Work order –
Could you transcribe the material below exactly, without leaving out a single line?

[Opening Data block section]

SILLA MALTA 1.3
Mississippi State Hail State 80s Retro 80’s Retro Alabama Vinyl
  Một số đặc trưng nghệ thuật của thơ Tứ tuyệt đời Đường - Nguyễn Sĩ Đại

[Closing Data block section]

Reply –
SILLA MALTA 1.3
Mississippi State Hail State 80s Retro 80’s Retro Alabama Vinyl
  Một số đặc trưng nghệ thuật của thơ Tứ tuyệt đời Đường - Nguyễn Sĩ Đại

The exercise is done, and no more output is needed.